The terrible fear was that the adopting parents might find, as people do when they take a kitten or a puppy, that it is nothing but a pest when it grows older. Many adopting parents return the child to a state home if any defect develops. I brushed from me the thought of Michael, desolate and defective, limping or brain-damaged, in some state home. We could give him a good life on the farm, Benison and I, even if he were half-witted or crippled. Benison is waiting for Michael to turn eighteen and will share the farm with him faithfully if he should ever seek her out. He is the Missing Heir. Benison is nobody’s heir. She is my partner, a legal share-farmer entitled to half the profit of an orchard that has never made a profit. She is with me, a survivor on this wild, beloved place, where the fowls have one leg longer than the other from trying to find a level place to stand, and our chief product is instant squalor. Not much of an inheritance for the Missing Heir, although people flow in and out the gate, saying: ‘How lovely this place is. How lucky you are!’
Then I reflect that the country is rich in my heirs: ‘All those girls called Kylie, who bear my name! (Maybe they won’t be so happy about it after this revelation of all my muddled stupidities.) There are all those scribbling children who are frowning and exultant over their first buddings of prose and verse. What shall I leave them? The power to smile crookedly at life? Not to fear anything and laugh at disaster? The power to make their own unique pattern on chaos? Warm friends — I have so many — and the kindness and generosity of poor people; the ferocity of the hunter and fighter; and the almost-Irish courtesy to the guest. My ghost to guard them. No: more potent than all, I will leave them the impulse to make fools of themselves.’

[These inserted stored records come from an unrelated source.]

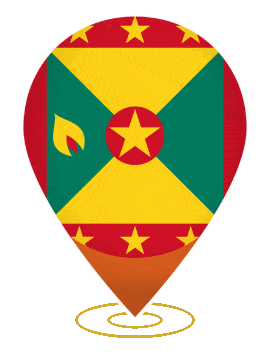 Grenada Drop Pin Heartbeat animated flag GIF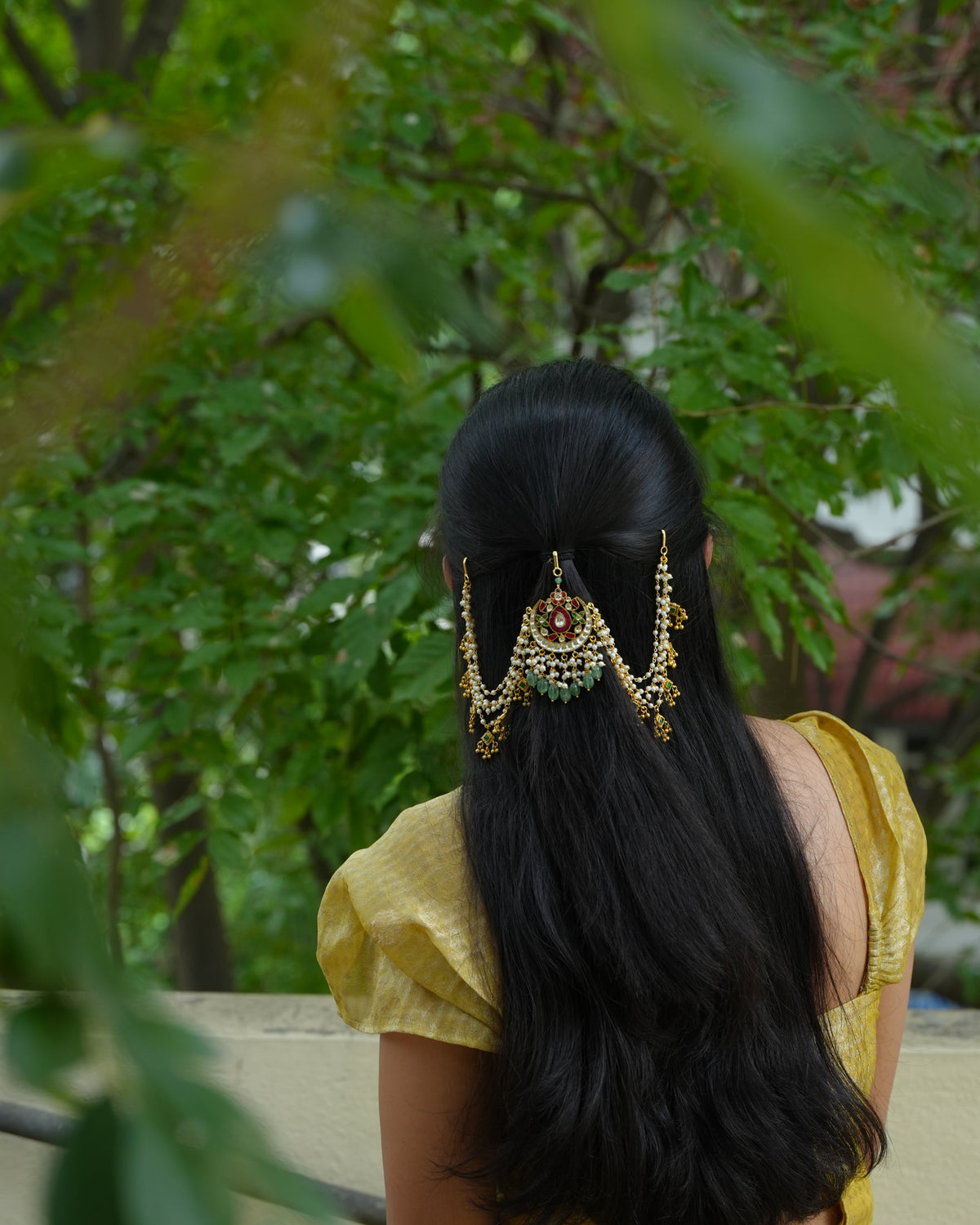 Ruby Kundan Hair Accessory with Pearl Side Chains & Green Drops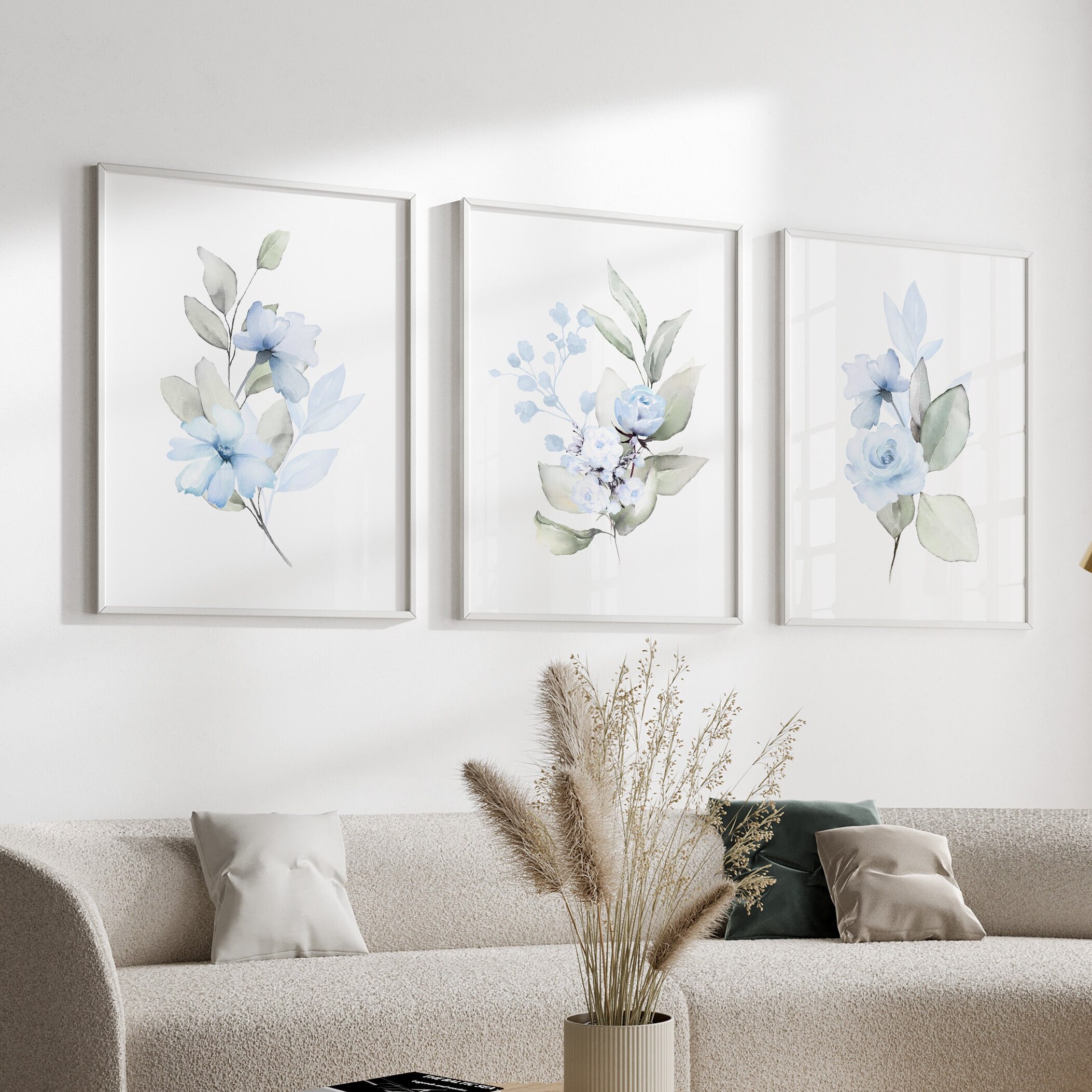 Set of 3 Flower Prints, 3 Piece Floral Wall Art in Blue and Green ...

I remember once on Manly Beach a man who was giving donkey rides was dealing in the traditional way with his donkey. He took a large stick and beat it to its knees. I stepped out of the silent crowd — Australians hate to make a scene — and my friends’ faces were very disapproving. They knew I was about to disgrace myself again. I spoke to that man. I told him what I thought of him as a human being. He sneered, he answered back. He turned in a superior way and called on those about to see this silly woman. All of a sudden there was a concerted roar from that crowd. They shook their fists. When I left the crowd was so abusing the donkey owner that he was hastily packing up and leaving.